My uncle had a heart attack yesterday and I was going to make him some low fat low cholesterol peanutbutter cookies but the recipes all call for white flour and I thought Wheat would be better can I just substitute it?
In a cookie recipe, whole wheat and white work pretty much the same EXCEPT that wheat flour is a little heavier and can absorb a bit more moisture. If you substitute cup for cup, you could end up with your cookies going a bit too dry.
If I were doing it, I'd substitue but hold bit a little bit of flour (1/4 to 1/2 cup) depending on yout batch size, and add it back at the end of mixing until the dough is the texture that I want.
But if you don't do that, it isn't going to be a really big deal. Worst case, if the dough is dry just add a Tbs of water or two as needed at the end.

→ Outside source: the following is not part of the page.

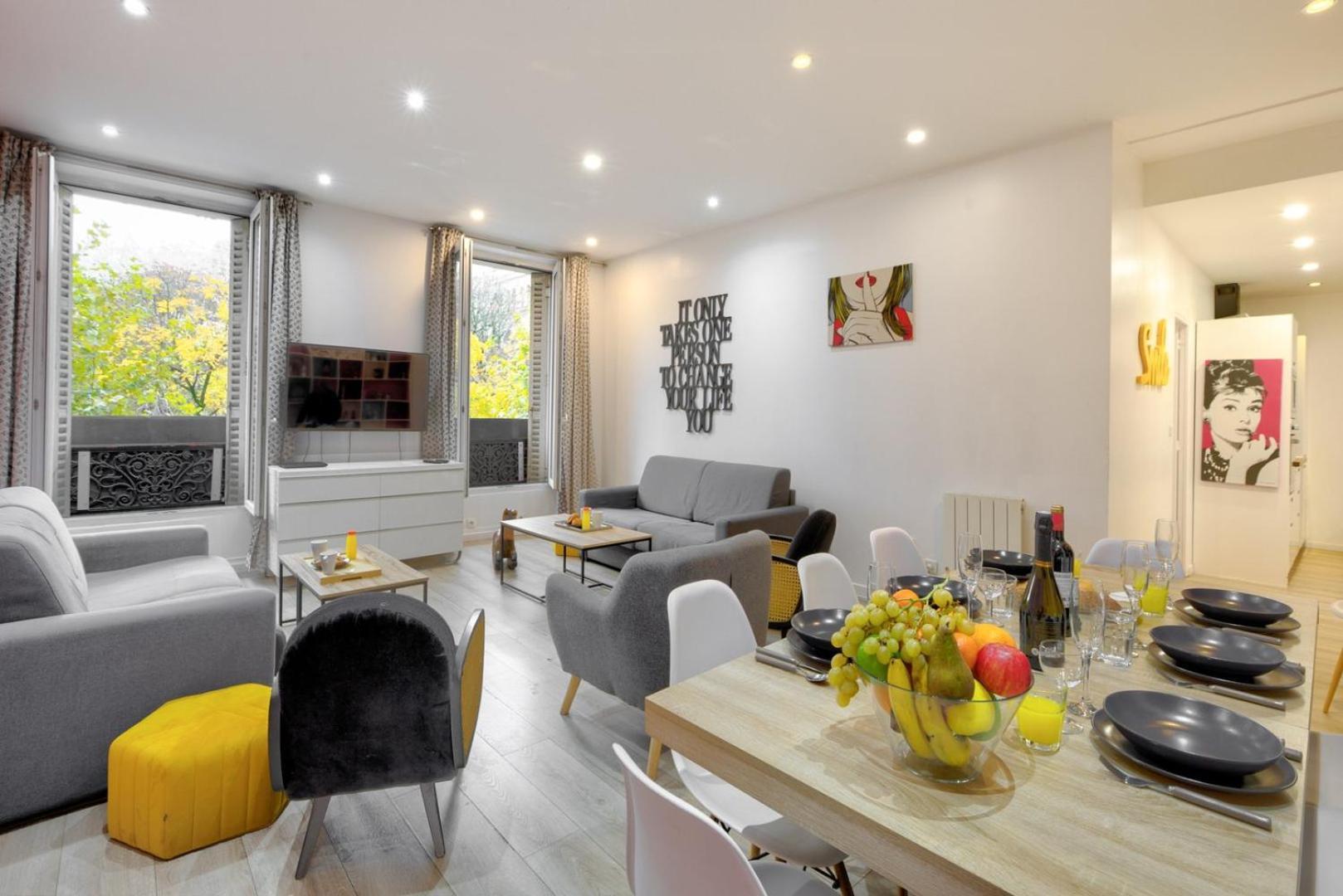 Appartement Bluestay 149 - Spacieux Centre Parijs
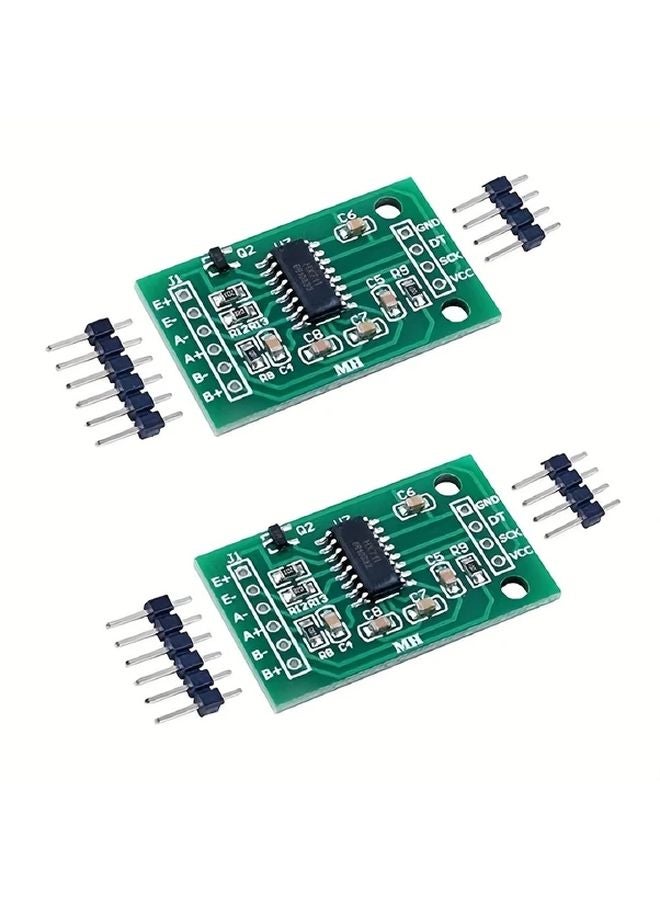 5pcs HX711 Load Cell Amplifier Module for Arduino High Precision Weighing Sensor - Image 4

Now in breads or cakes, it is a different story bcause the flours have different gluten levels. That important in products that rise or that have puffy structures that need to support themself.
Lynda
Not at all!
I actually prefer whole wheat in cookies.
If you are using a low fat recipe that includes applesauce they will be especially good. Also very nice in peanut butter cookies or hermits.
The only place it doesn't work so well is in really light/white cookies like spritz or a delicate sugar cookie. They still taste great, but will be less delicate.
Now that you've got me thinking about it, I really need to make some hole wheat Spritz. I like the nuttier taste of whole grains so the whole wheat would suit me fine in those.
Lynda
And another thing, if your cookies use raisins or are an oatmeal cookie, the whole wheat will make them even better.